With this rationale in mind, we now turn to the instant case. Randall Scott Blackshear pled guilty to charges of armed sexual battery and armed kidnapping and received[*958] two concurrent sixty-five-year sentences. Both crimes were life felonies which were punishable by either life imprisonment or a term of years not exceeding forty years. § 775.082(3)(a), Fla. Stat. (1983). On appeal, Blackshear's sentences were reversed and his case remanded for resentencing because the sentencing judge had exceeded the forty-year maximum by twenty-five years. Blackshear v. State, 480 So.2d 207 (Fla. 1st DCA 1985). At Blackshear's resentencing, the recommended guidelines range was twelve to seventeen years. The trial judge instead departed from the guidelines and imposed two concurrent life sentences. In the case under review, the district court of appeal held that one of the two reasons for departure was invalid. Because the appellate court was unable to conclude that the same sentence would have been given in the absence of the invalid reason, the case was remanded once again for resentencing.

The district court of appeal also concluded that the principle of North Carolina v. Pearce would not preclude a resentencing to two concurrent life sentences. While recognizing that Blackshear was guilty of no new misconduct which would justify a greater sentence than was originally imposed, the court pointed out that because the original sentence was illegal, it could not be reimposed. Thus, the court concluded that when faced with the alternative of resentencing Blackshear to either a term of up to forty years or to life imprisonment, the judge could legally choose to impose the harsher penalty.

Even if we were to accept the contention that the judge would not be precluded from opting for the longer sentence when the only other legal sentence was shorter than the original sentence, it would not apply to the facts of this case because of the existence of the concurrent sentences. In Herring v. State, the defendant was convicted of fifteen counts of second-degree grand theft and received concurrent sentences of ten years on each conviction. The Third District Court of Appeal vacated the sentences because the maximum sentence for each crime was only five years. However, the court stated that the trial judge was at liberty to accomplish his sentencing goal that the defendant be sentenced to ten years by imposing consecutive sentences. The court cautioned that any sentence longer than ten years would have to meet the requirements of North Carolina v. Pearce.

It is evident that the trial judge's sentencing goal for Blackshear was a prison term of sixty-five years. Applying the rationale of Herring, this could be accomplished by imposing consecutive sentences in which the total number of years would not exceed sixty-five. The judicial vindictiveness of which North Carolina v. Pearce was concerned would never come into play.

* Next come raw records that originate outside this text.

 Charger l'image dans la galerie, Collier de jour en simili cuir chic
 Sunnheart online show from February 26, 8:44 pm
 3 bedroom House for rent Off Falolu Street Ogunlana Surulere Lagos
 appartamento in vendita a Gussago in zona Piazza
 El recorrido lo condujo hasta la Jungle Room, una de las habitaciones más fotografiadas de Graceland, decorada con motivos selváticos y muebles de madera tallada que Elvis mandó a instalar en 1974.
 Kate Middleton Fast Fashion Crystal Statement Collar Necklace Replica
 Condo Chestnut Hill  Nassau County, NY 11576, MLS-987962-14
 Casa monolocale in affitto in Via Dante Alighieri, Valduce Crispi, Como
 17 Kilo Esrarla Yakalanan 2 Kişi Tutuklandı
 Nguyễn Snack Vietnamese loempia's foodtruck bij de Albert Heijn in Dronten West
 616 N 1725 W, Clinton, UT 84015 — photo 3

Thus, we conclude that upon remand the trial judge cannot sentence Blackshear to more than sixty-five years in prison in the absence of an intervening event which would justify a greater sentence.[*] While we approve the remand of this case for resentencing, we quash that portion of the opinion below which states that Blackshear could be resentenced to life imprisonment.

It is so ordered.

EHRLICH, C.J., and OVERTON, McDONALD, SHAW, BARKETT and KOGAN, JJ., concur.

[*] We do not reach the remaining two points raised by Blackshear.